What should we make of Senator Marco Rubio’s astonishing Twitter message threatening President Nicolas Maduro of Venezuela with the same fate of torture-murder by broken bottle inserted into the anal cavity as suffered by Muammar Gaddafi, ruler of Libya for 43 years, in 2011?
We should make a great deal of it.
First, even by the anything-goes public obscenities and sheer, unlimited crassness of late 20th and 21th century American political culture, Rubio’s public threat is unprecedented.
Nazis behaved this way. Torturers and gangsters when they seize power on the small or enormous scale sometimes behave this way. Often, even they do not. The public excesses and brutalities of Al Capone, Dutch Schultz and Albert Anastasia from the 1920s to the 1950s were so great that even the other National Crime Syndicate bosses across America eventually washed their hands of them.
It is now clear that characters such as Lucky Luciano, the great mastermind of prostitution and heroin smuggling into America from the 1920s through the 1950s and Frank Costello, the so-called “Prime Minister of the Underworld” had more taste and restraint than the entire current membership of the United States Senate.
Luciano and Costello frowned on such behavior in public and actively restrained it, often by making lethal and permanent examples of perpetrators. Yet not a single current US senator has come out and condemned Rubio for making such a disgusting boastful public exhibition before the whole world.

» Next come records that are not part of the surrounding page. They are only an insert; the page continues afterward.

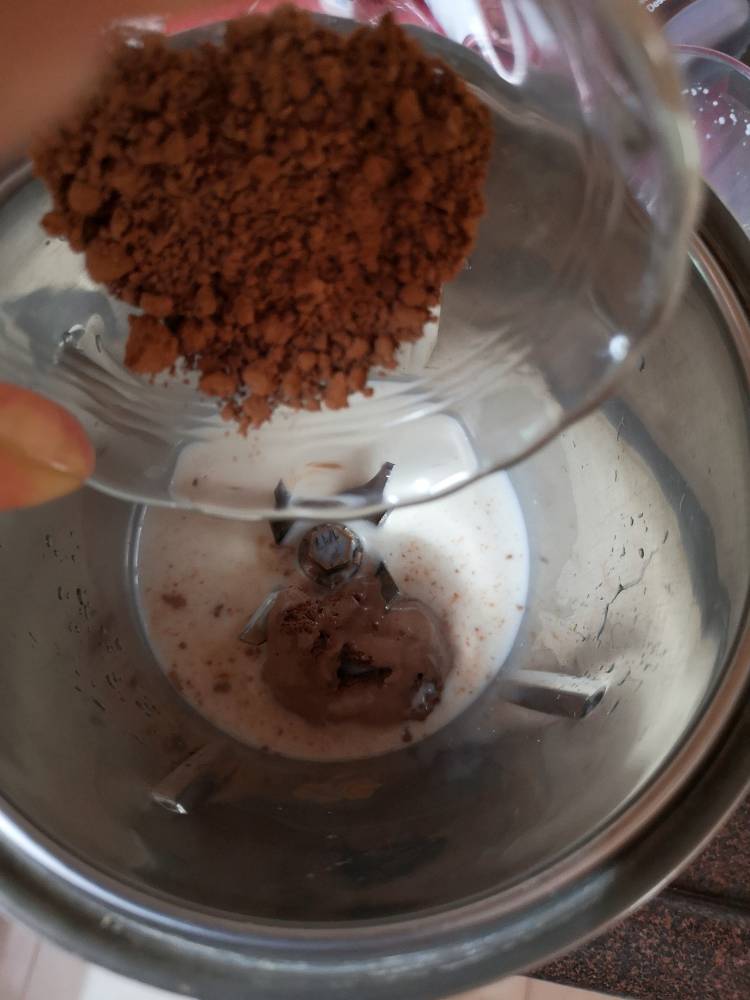 blending coco powder, chocolate ice cream to the blender for Chocolate Milkshake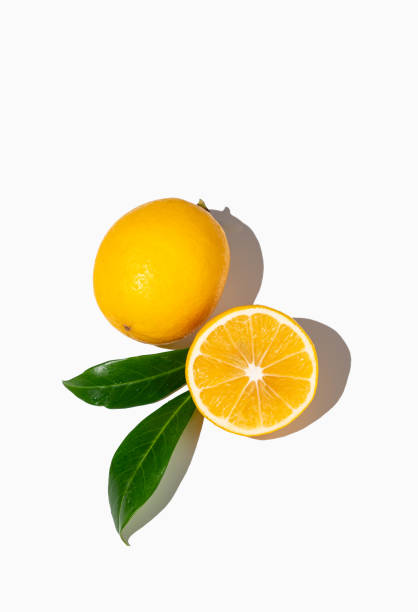 istock Fresh cut lemons on isolated white background with shadow and leaves. 2149689643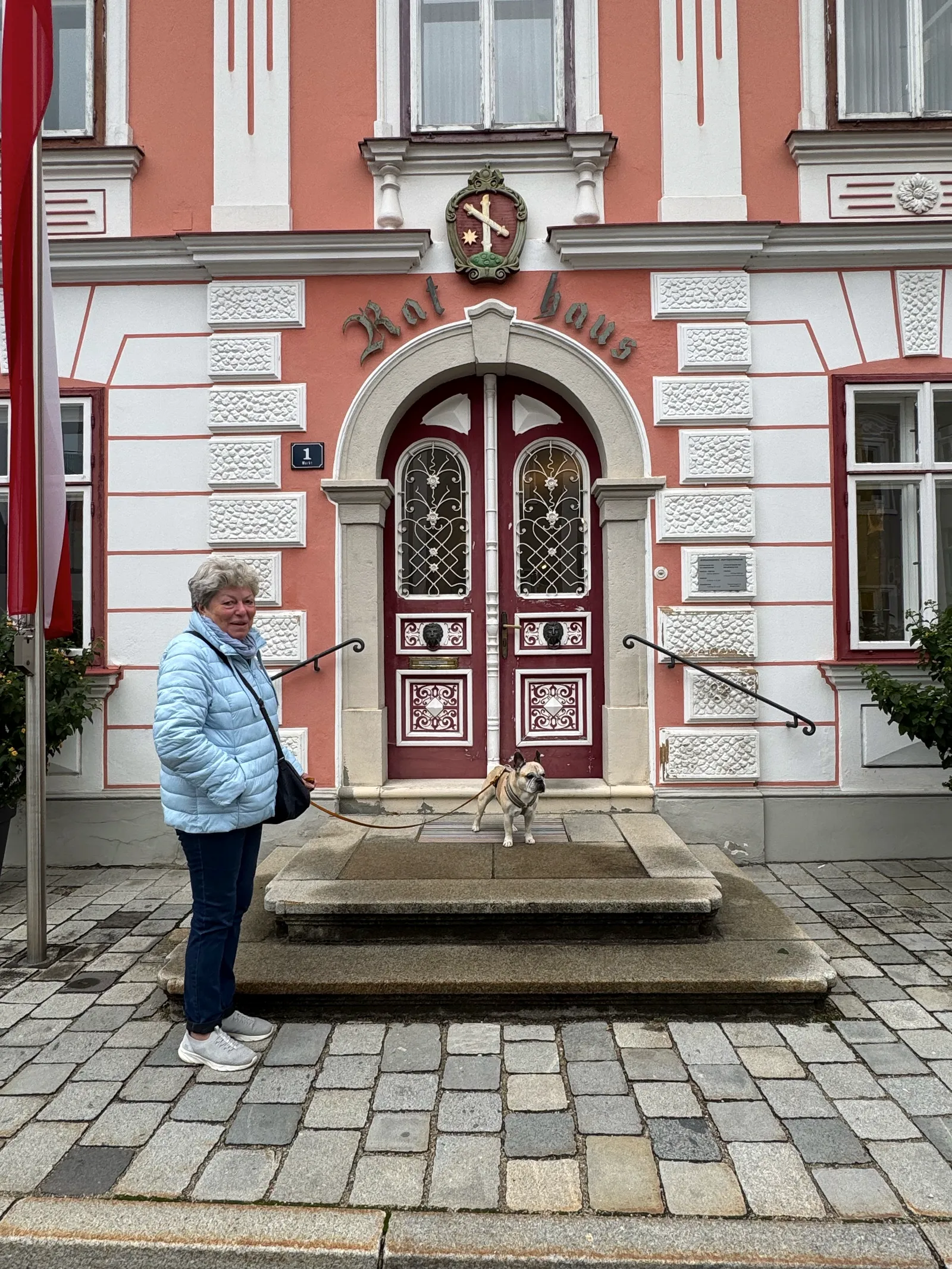 Eine Frau mit einer Französischen Bulldogge vor dem Rathaus in Ybbsitz.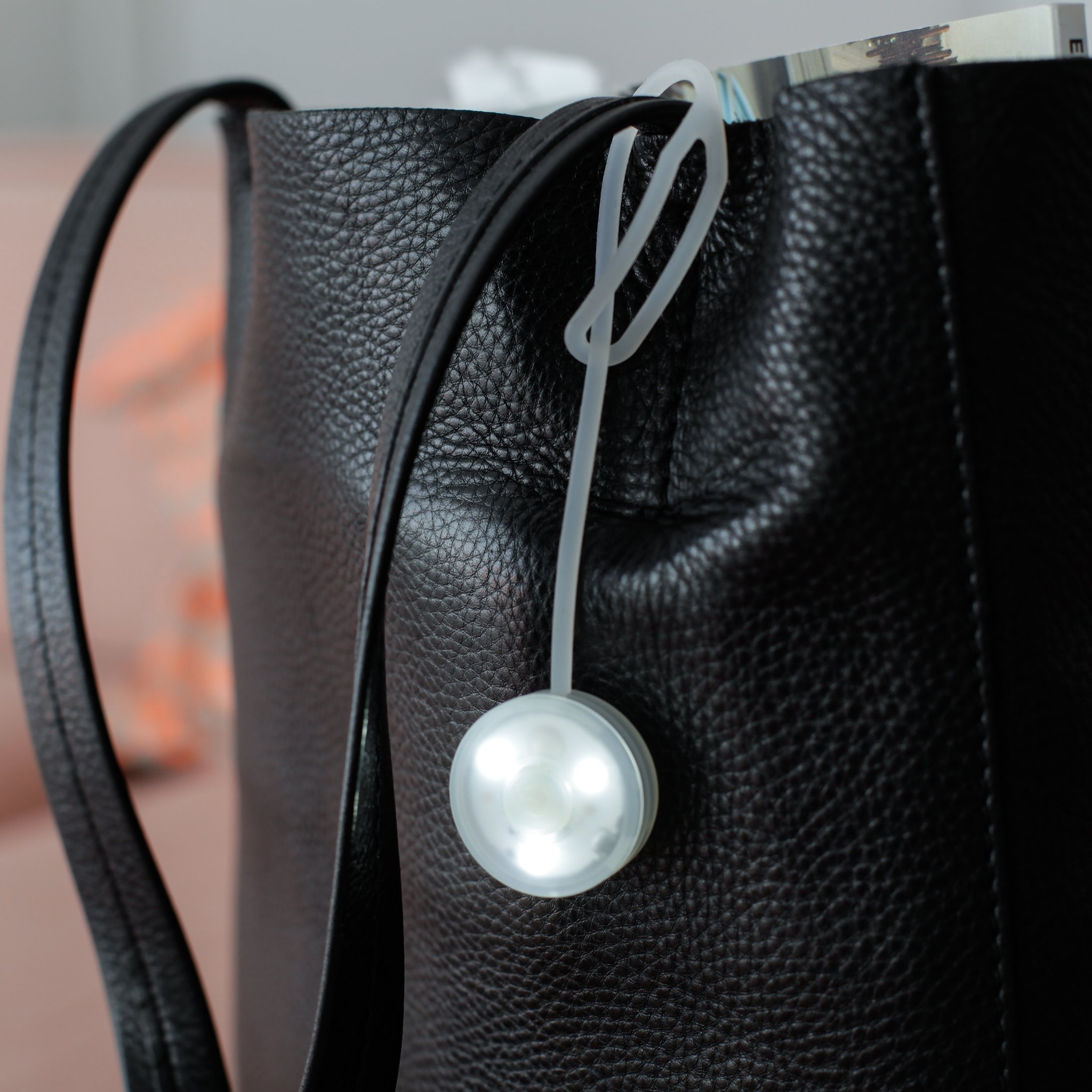 Leuchtende Handtaschen-Lampe an der Silikonschlaufe am Taschenrand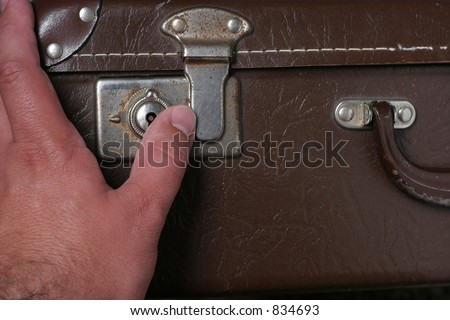 Opening the lock on an old leather look suitcase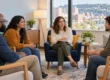 A small group of adults speaking with a facilitator in a calm counseling room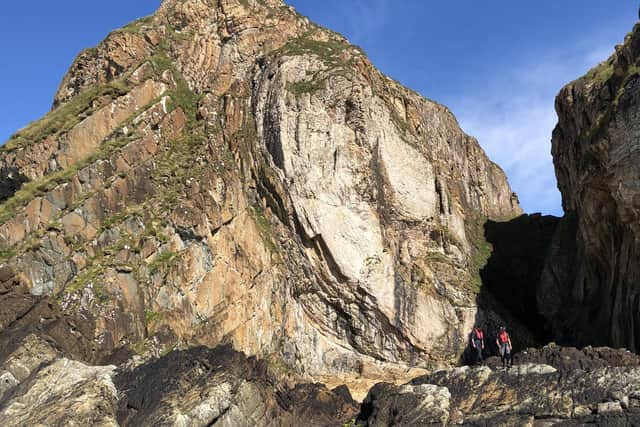 An outcrop called 'the Bubble' on Eileach an Naoimh (Holy Isle) which shows a huge white rock fragment, tens of metres across, which was originally part of the underlying rock sequence. Photo: Graham Shields/UCL/PA Wire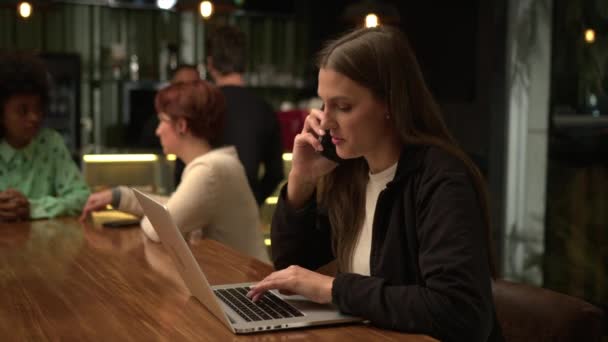 Молодая Женщина Работающая Кофейне Разговаривая Телефону Используя Ноутбук Многозадачность Люди — стоковое видео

Second, Rubio has revealed himself to be an ugly little bully. But he cannot be excluded by any means as a future national leader.
Rubio, who is intensely ambitious, ran for the presidency in 2016. He was vainly promoted by the mainstream American media or MSM as a credible candidate. Republican voters to their credit – even in his home state of Florida – did not buy it. Despite abundant funding, his campaign got nowhere. But it is by no means inconceivable that he could end up in the White House yet. At the very least, he could be a future vice presidential candidate. Just because he has revealed himself as contemptible before the entire world does not mean we should not take him seriously.

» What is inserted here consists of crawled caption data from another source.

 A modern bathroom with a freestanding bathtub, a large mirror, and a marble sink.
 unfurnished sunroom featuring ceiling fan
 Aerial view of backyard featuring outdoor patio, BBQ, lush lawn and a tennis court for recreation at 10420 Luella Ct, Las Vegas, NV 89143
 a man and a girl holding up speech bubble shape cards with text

Thirdly, Rubio is not just an ugly little bully: He is also a tongue-tied coward. This is usually the case with bullies. Truly strong and formidable leaders often talk softly and soberly like Theodore Roosevelt and Ronald Reagan in the United States and Vladimir Putin in Russia. Motor mouth bullies like Kaiser Wilhelm II of Germany before World War I and Italy’s Benito Mussolini in World War II invariably panic and fall apart when their blusters and bluff catch up with them.

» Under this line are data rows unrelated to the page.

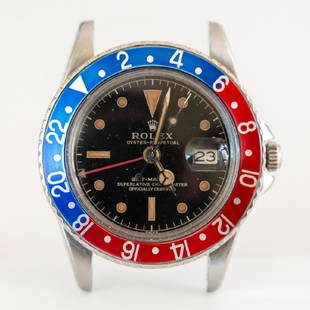 Vintage 1964 Rolex Stainless GMT Model 1675: Rolex. Stainless steel G.M.T. model 1675 wrist watch, circa 1964. Black face with gold markers, red and blue bezel. Serial # 104xxxx. Lacking band. 42.3mm with crown. Shipping Disclaimer: This is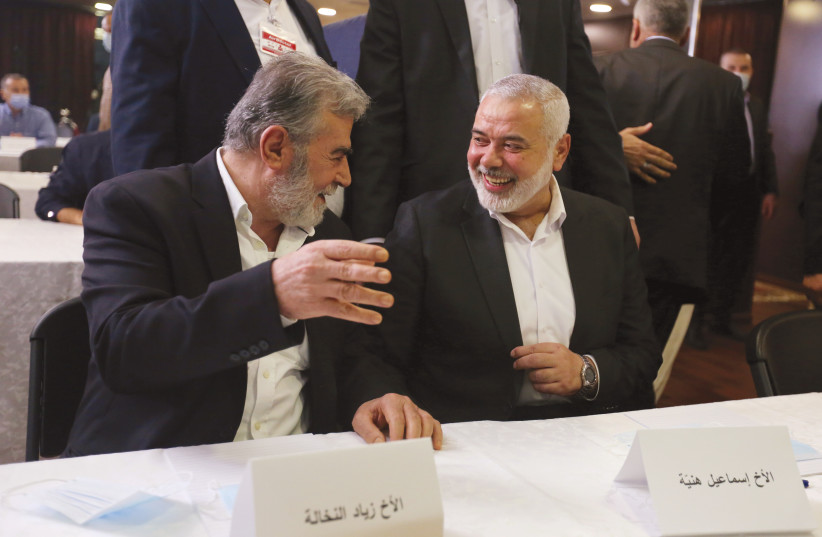  ISMAIL HANIYEH of Hamas (right) and Islamic Jihad leader Ziyad al-Nakhalah attend a Palestinian factions’ meeting in Beirut, 2020. (credit: AZIZ TAHER/REUTERS)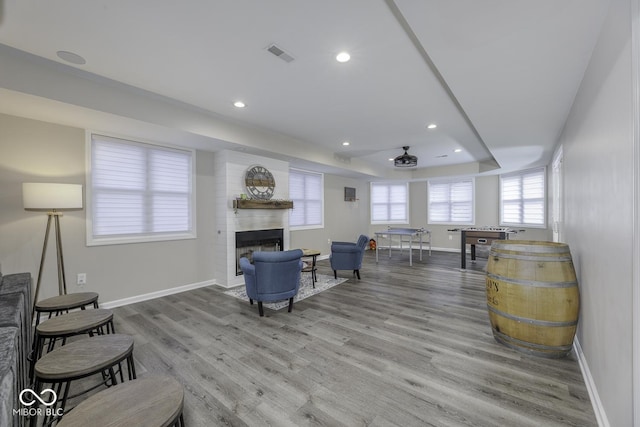 living area featuring baseboards, visible vents, recessed lighting, and wood finished floors
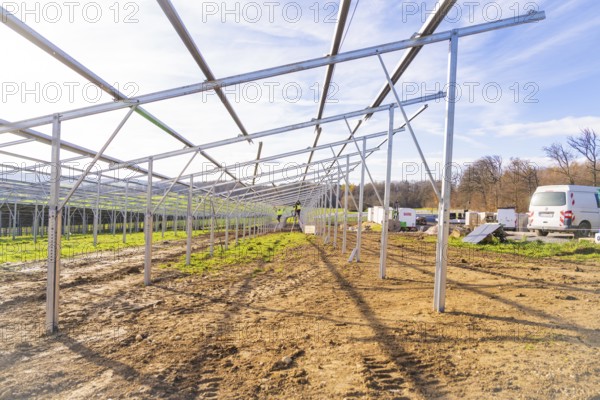 Unfinished solar system in open area with vehicles and building materials, energy transition,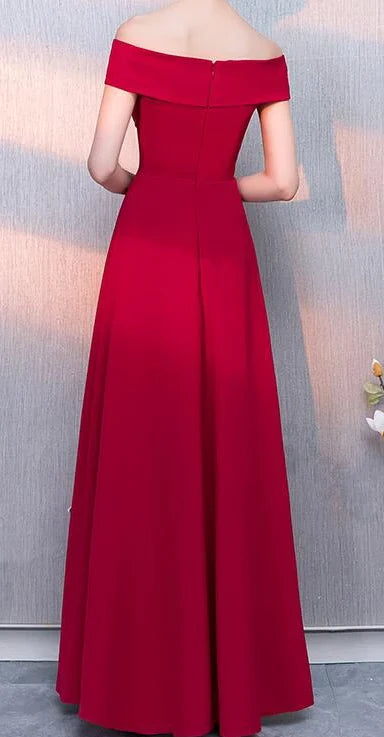 A red formal dress with a one shoulder design and a waist cinching hem, suitable for dinner parties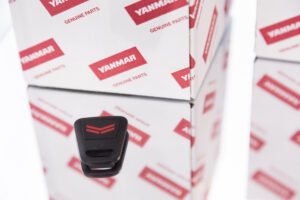 Sleutelhanger close-up naast de rode verpakking met het Yanmar-logo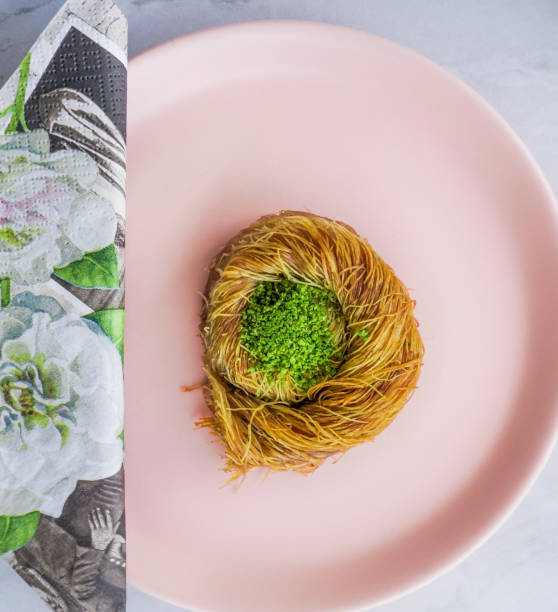 Shredded wheat dessert with pistachio filling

We have already had a foreshadowing of this with Rubio. In the fall of 2015, in an early debate among Republican presidential candidates broadcast nationally, he was called out and reduced to incoherent blubbering and panic. Eventual Republican candidate Donald Trump did not have to do this. It was then governor of New Jersey Chris Christie who reduced Rubio to incoherence.
It is easy to make fun of Rubio, but the damage he is doing to the reputation of his own country around the world and to the crucial cause of world peace cannot be exaggerated.
In his vile Tweet, Rubio was seeking to establish a standing precedent not just of bullying but of threatening murder as a basic staple of US foreign policy.
Rubio probably did not even realize what he was doing, he has always been a cheap and superficial opportunist, eager to seize on the latest clichés and hysteria of the day to boost his visibility and win cheap popularity. Still, he seized on the murder of Gaddafi more than seven years ago and tried to use it to establish a precedent with which to threaten President Maduro today.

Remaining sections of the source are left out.